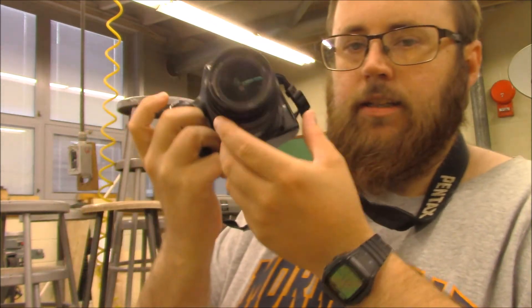Hello students, welcome back to class. Today we're talking about the sensor inside a camera. I have a DSLR, a single lens reflex digital camera here. This is an old one because what I'm about to do I don't recommend you try at home.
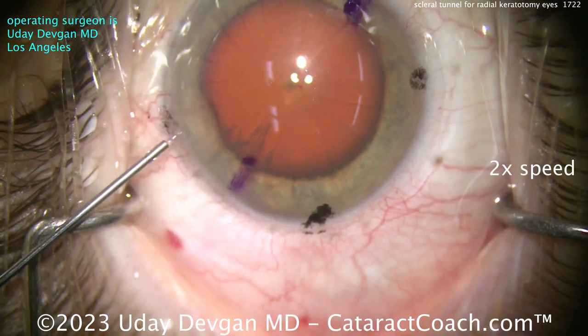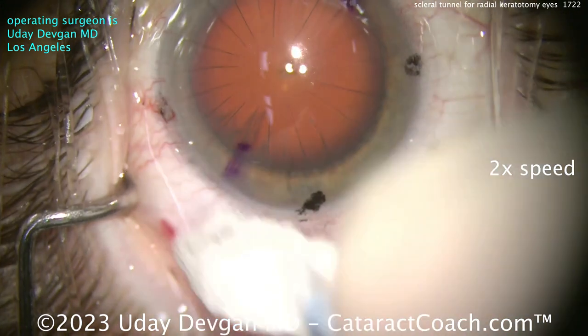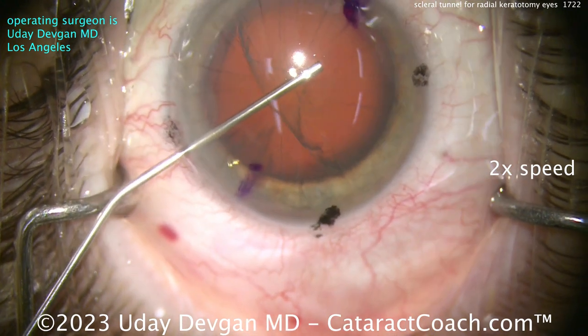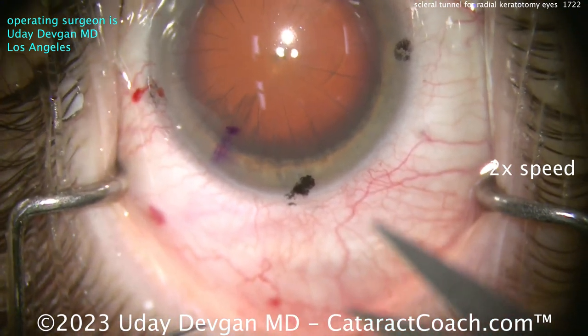Notice how I make that paracentesis between two RK cuts. Because it's small — less than a millimeter or about a millimeter wide — you can fit it between those two RK cuts without intersecting them. I put some lidocaine inside the eye, then some viscoelastic to get the AC nice and deep and protect the intraocular structures like the corneal endothelium.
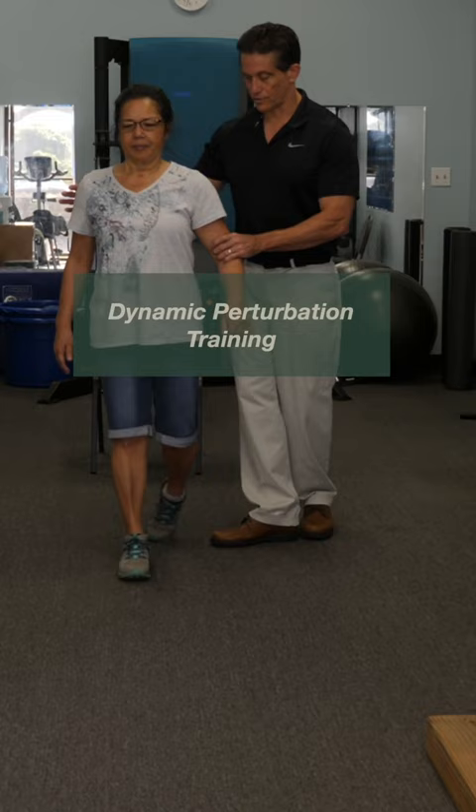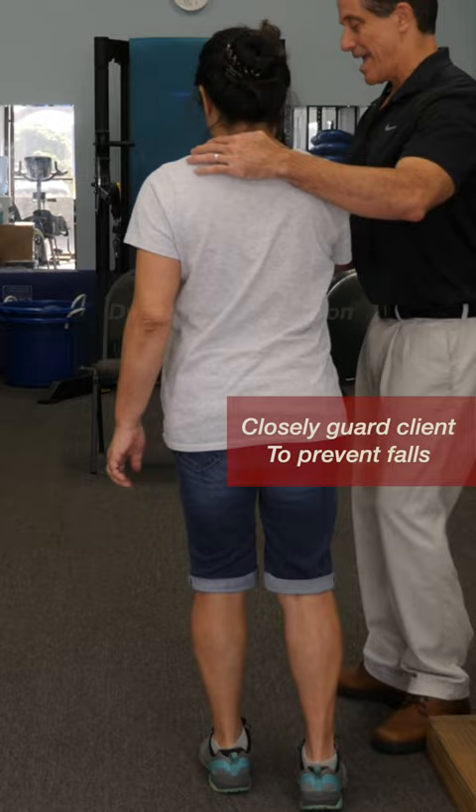On level ground, the client can perform a turn and walk backwards to allow a dynamic perturbation challenge. These are just a few types of balance training beyond static that are highly effective.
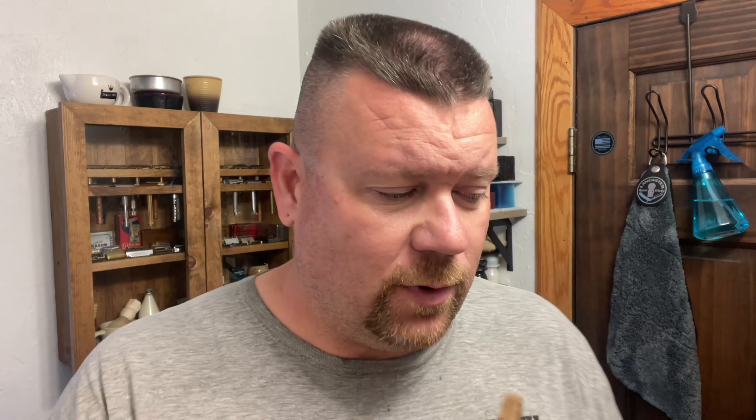This is a very well-worn khaki set by Gillette, and it's a very interesting set to me. This is one that was property of the U.S. Army, and it has the matching mirror to go with it. It's just a very collector's piece to me.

******************************

▶ **WORK TO COMPLETE**
Only those lines from the one containing "On level ground, the" to the end of the material above, retyped exactly and without pictures, belong in your reply.

▶ **OUTPUT FOR THIS EXERCISE**
On level ground, the client can perform a turn and walk backwards to allow a dynamic perturbation challenge. These are just a few types of balance training beyond static that are highly effective.
This is a very well-worn khaki set by Gillette, and it's a very interesting set to me. This is one that was property of the U.S. Army, and it has the matching mirror to go with it. It's just a very collector's piece to me.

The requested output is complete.